You see, we would have expected to read, that after that angel rolled the stone away that he flew off to announce to the whole world the good news!  But that’s not what that angel did at all.  He just sat there – on top of that stone.  Are we supposed to think that this is special, noteworthy – praiseworthy, even?  The simple answer is “yes.”  It was poetry in motion. It was beauty in action.  In fact, there is something here even more powerful and personal than if that angel had winged its way toward the heavens shouting and singing and praising.

You see, it isn’t enough to know that the stone of my sorrow, the grave of my grief, has been rolled away – it has to be glorified.  Oftentimes when a grief is gone there is still a soreness, a hurt, that lingers.  Oh, it may not be the place of today’s tribulation, but it was just yesterday.  That’s why I weep over yesterday – I need something to explain it, make sense of it.  Even though there is glory today, I need my yesterday to be glorified as well.  That’s why I long to see that angel, sitting on top of what just yesterday was the stone of my sorrow.

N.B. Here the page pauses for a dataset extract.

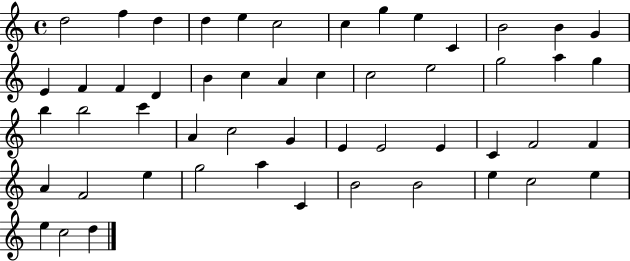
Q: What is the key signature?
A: C major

One of the great glories of Easter is that it brings a brightness to past morns.  It tells me not to worry or fret, for that which was indeed death didn’t last. It illuminates the yesterday’s tombs.  It teaches me the answer to the age-0ld question: What’s the purpose behind all of this pain?  It causes me to quit complaining over the years that have past.  It removes the tears shed over the shortness of this all-to-human life.  It proves the past justice of my forever faithful Father.

Even though I have come too late to see the Resurrected Lord walk out of that tomb, I can still see the angel sitting there on that stone.  Because of that fact, the stone itself has become a symbol of that victory.  What a comfort that is to my soul.  I used to ask, pray, for a fiery chariot to come and take me to Heaven like it did the prophet, but now I think that an angel sitting on a tombstone might just be better.  For, you see, he makes a chariot out of death’s cloud.  That’s why I say, “Let me see an angel sitting on a tombstone!” Let me see death as a sacred, precious thing.

When I was a little boy, I had a great fear of death – even the symbols of it – but who is afraid of a tombstone that has become an angel’s stool?  In fact, if there is an angle sitting there, I don’t even need to see the stone rolled away.

That’s why as we approach Easter morning, we no longer have to fear death, for today there sits an angel in the spot of yesterday’s great gloom. He has glorified yesterday’s grief.  There is now exaltation in what just yesterday was my humiliation.

The stone still weighs as much it did yesterday, but now it is not the weight of grief, but the weight of glory.